Je prends mes aises dans la grande chaise en osier qui fait face à son bureau et trempe mes lèvres dans le thé brûlant. Trop chaud pour moi, mais ça sera une bonne excuse pour faire durer l'entretien.

- J'ai travaillé trois ans à la clinique de l'Arche, dans le 14ème, à mi-temps, d'abord parce que la remplaçante était enceinte, ensuite parce qu'elle a démissionné... puis elle est revenue, et je suis parti chez Vébiotel, pour faire l'assistance téléphonique aux cliniques. J'y suis depuis deux ans, mais la pratique me manque, d'où ma présence ici.

Je lui décoche un sourire séducteur. J'ai tendance à avoir du succès, à cause des yeux verts, mais la moue charmante qu'elle me retourne annonce clairement la couleur. Dommage, parce qu'elle est vraiment à mon goût.

- Bon, ici ce sera du mi-temps aussi, vous connaissez le principe.

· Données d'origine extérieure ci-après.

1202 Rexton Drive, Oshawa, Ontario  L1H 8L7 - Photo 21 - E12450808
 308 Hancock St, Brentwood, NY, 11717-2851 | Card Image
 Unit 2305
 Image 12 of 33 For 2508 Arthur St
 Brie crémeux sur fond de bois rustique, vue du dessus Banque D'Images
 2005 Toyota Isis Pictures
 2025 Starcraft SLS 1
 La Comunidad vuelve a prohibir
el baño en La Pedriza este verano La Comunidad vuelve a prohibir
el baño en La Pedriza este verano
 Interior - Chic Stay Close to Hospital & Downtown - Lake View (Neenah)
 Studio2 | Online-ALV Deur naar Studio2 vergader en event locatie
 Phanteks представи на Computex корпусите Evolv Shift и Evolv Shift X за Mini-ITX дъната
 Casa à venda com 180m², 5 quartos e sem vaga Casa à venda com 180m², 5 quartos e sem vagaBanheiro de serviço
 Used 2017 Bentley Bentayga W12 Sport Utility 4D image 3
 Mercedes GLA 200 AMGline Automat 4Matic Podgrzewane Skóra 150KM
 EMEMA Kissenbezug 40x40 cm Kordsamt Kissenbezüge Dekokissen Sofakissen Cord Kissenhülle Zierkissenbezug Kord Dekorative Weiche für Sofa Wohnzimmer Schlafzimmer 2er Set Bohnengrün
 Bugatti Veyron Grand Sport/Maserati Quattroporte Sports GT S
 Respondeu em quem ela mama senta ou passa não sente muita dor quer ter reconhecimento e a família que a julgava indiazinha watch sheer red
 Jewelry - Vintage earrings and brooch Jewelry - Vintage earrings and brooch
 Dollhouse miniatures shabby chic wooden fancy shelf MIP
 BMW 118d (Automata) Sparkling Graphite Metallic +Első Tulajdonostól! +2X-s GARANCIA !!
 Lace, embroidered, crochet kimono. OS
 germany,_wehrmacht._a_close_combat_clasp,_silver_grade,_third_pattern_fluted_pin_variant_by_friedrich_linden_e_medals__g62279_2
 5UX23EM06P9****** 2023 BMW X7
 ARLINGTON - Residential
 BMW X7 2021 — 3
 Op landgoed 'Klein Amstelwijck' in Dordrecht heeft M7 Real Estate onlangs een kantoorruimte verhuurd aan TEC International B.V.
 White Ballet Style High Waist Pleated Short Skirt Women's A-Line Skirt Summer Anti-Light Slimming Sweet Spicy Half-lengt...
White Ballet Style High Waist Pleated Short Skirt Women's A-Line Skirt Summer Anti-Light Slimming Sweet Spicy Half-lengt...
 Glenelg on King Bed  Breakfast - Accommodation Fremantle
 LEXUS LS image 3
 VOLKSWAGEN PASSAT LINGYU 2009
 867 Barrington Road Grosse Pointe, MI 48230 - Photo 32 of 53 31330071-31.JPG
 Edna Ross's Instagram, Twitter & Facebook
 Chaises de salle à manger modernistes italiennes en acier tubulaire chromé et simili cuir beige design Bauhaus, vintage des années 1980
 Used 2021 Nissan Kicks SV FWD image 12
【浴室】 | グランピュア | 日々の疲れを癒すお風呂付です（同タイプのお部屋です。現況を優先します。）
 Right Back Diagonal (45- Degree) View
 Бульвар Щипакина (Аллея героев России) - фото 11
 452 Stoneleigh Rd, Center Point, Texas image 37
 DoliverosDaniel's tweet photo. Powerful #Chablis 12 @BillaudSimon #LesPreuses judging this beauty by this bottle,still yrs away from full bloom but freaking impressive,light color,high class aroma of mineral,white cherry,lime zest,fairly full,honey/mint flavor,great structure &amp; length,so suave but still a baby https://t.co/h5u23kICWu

Je travaille trois jours par semaine et vous héritez des trois restants. On ferme le samedi à 17h et le dimanche toute la journée... il y a un assistant qui sera là pour vous aider, surtout les premiers temps, il est d'accord pour faire des heures supp' le temps que vous preniez vos repères...

- « Un » assistant ?

- Hé oui ! Ça existe.

- C'est gentil de sa part en tout cas.

Et zut, c'est bien ma veine, une jolie fille en moins dans mon futur établissement. Tant pis, il pourra toujours me donner des tuyaux sur celle-ci. Après les discussions d'usage – les horaires, les honoraires, le salaire, la mentalité et l'image de la clinique, je me décide à boire mon thé et je prends congé avec une promesse d'embauche en bonne et due forme dans la main.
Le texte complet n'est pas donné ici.